Both groups display vicious aggressiveness in all their dealings peculiarly combined with a reluctance to take power when it is within their reach. Hamas was clearly unprepared and taken by surprise when it won the Palestinian legislative elections of January 2006. It did indeed take over full control of the Gaza strip in June 2007, but in internal Hamas correspondence (obtained by and reported on by Haaretz last month), the Damascus leadership states that it does not want "to control Gaza completely while losing the West Bank." The Damascus leadership wishes the Gaza leadership to be more conciliatory with Fatah, thereby giving up some power in Gaza and gaining some in the West Bank. The Gaza leadership apparently is more interested in solidifying its power in Gaza, thus making it more and more like a state. The thinking displayed by the Hamas leadership in Gaza is exactly what Israel needs in order to deter attack from Gaza: having had a taste of official political power, the Gaza leaders do not want to lose it. They are moving away from being guerillas and towards being politicians. Guerillas are undeterrable; that is their great strength, and the correspondence reported on by Haaretz shows, among other things, that the Damascus leadership wishes to preserve this strength. Politicians, on the other hand, have something to lose and thus are deterrable.
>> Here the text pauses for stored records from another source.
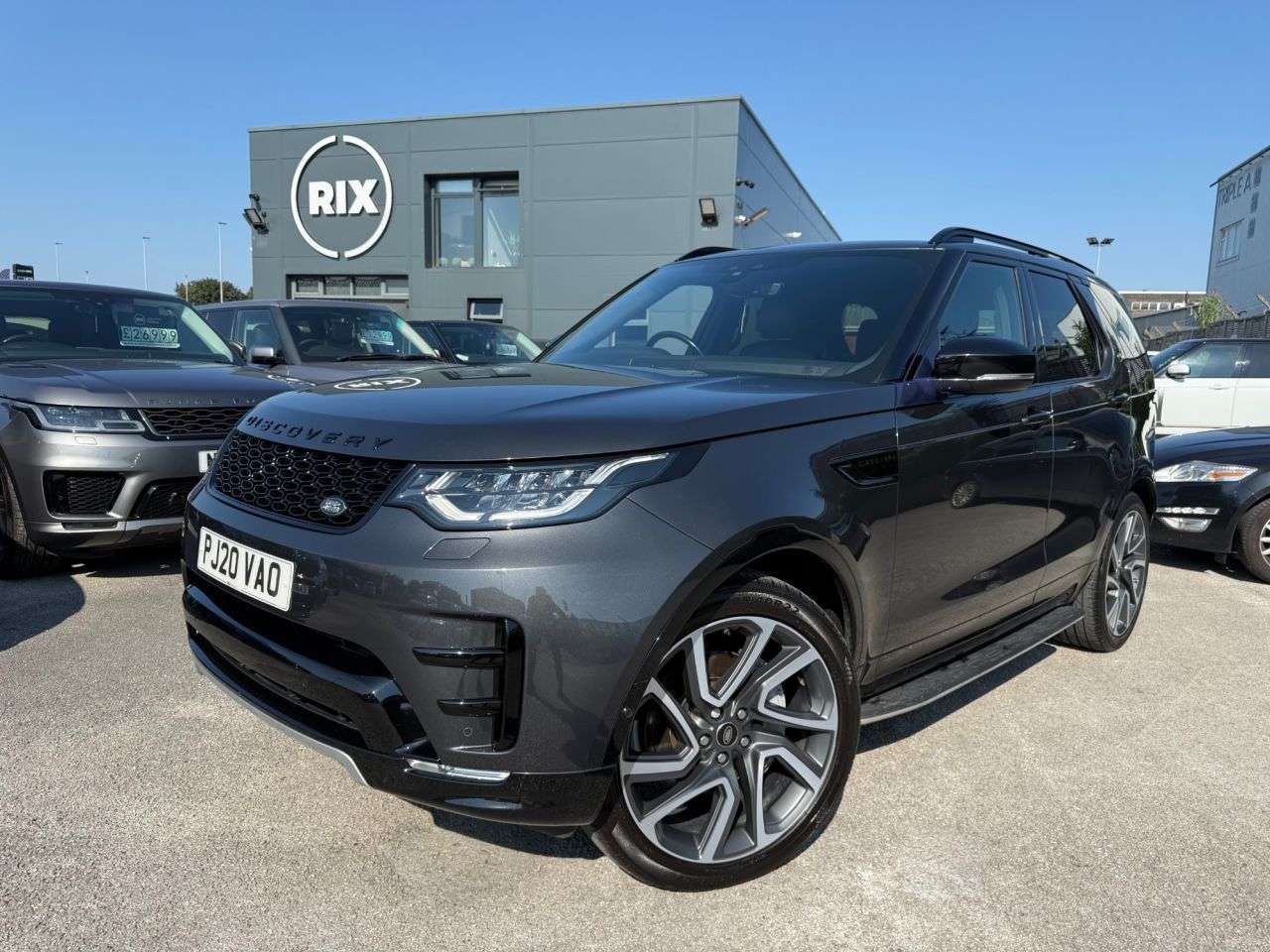 A 2020 LAND ROVER DISCOVERY 5 3.0 SD V6 HSE SUV 5dr Diesel Auto 4WD Euro 6-2 OWNER CAR FINISHED IN CARPAT A 2020 LAND ROVER DISCOVERY 5 3.0 SD V6 HSE SUV 5dr Diesel Auto 4WD Euro 6-2 OWNER CAR FINISHED IN CARPAT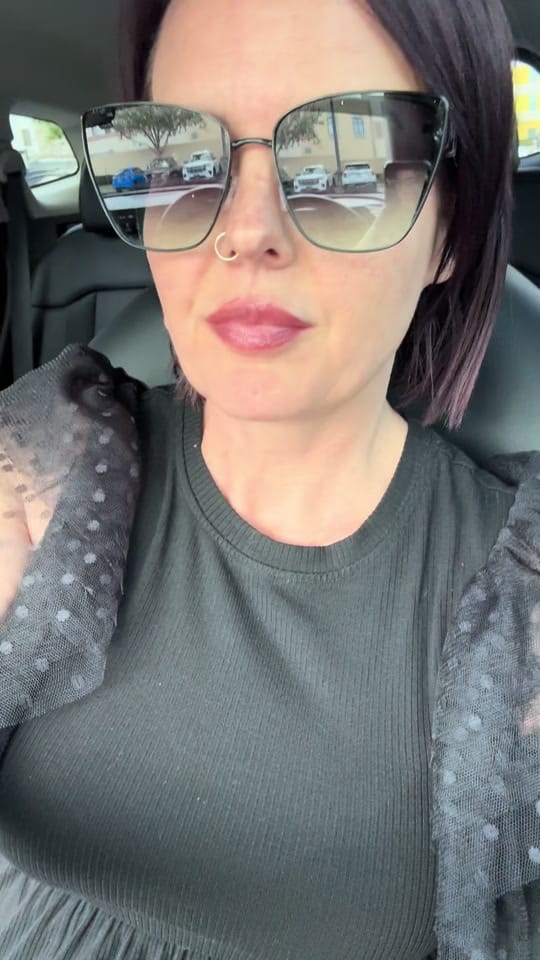 Post 4 by Janelle on TikTok (video)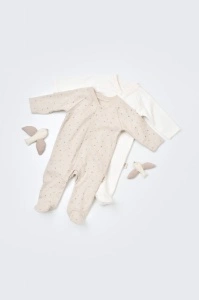 Set 2 salopetele cu maneca lunga si pantaloni lungi cu botosei - 100%bumbac organic - Crem cu buline, BabyCosy (Marime: 6-9 luni)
The more territories (by which of course I mean to refer only to non-sovereign territory) that Israel evacuates, the stronger becomes the faction among the terrorists that favours taking a more statist route vis-à-vis the faction which favours the more guerilla route.

Conclusion
My purpose in this latest discussion has been to show that when Israel withdraws from non-sovereign Arab-populated territories, the existing security situation does not simply remain the same, except for the simple reduction in Israeli counter-terror capacity. It would be over-simple to say that since Israeli military presence in the territories prevents terror attacks, Israeli withdrawal would therefore lead to an increase in terror attacks at a one-to-one ratio. There are other factors at work. The Israeli presence, in addition to thwarting terror, also relieves terrorists of the responsibility that comes with governance. The Israeli absence, in addition to giving the terrorists a freer hand, operationally, to launch attacks, would also present the terrorists with new, political, restrictions on their ability to launch attacks.

The difficulty, of course, is in making the transition from occupation to deterrence. It has been done successfully in Lebanon (a fact which the 2006 war does not disprove; one month of war amid eight years of deterrence qualifies as deterrence, especially since war is often the mechanism by which deterrence is established). The success of this process in Gaza is still to be determined; so far it has been a qualified success. Making a full analysis of this process and developing a plan for its management are the keys to minimizing the contradiction between Israel’s current and basic security imperatives enough that the State of Israel may gain the liberty of action necessary to repair its own foundations.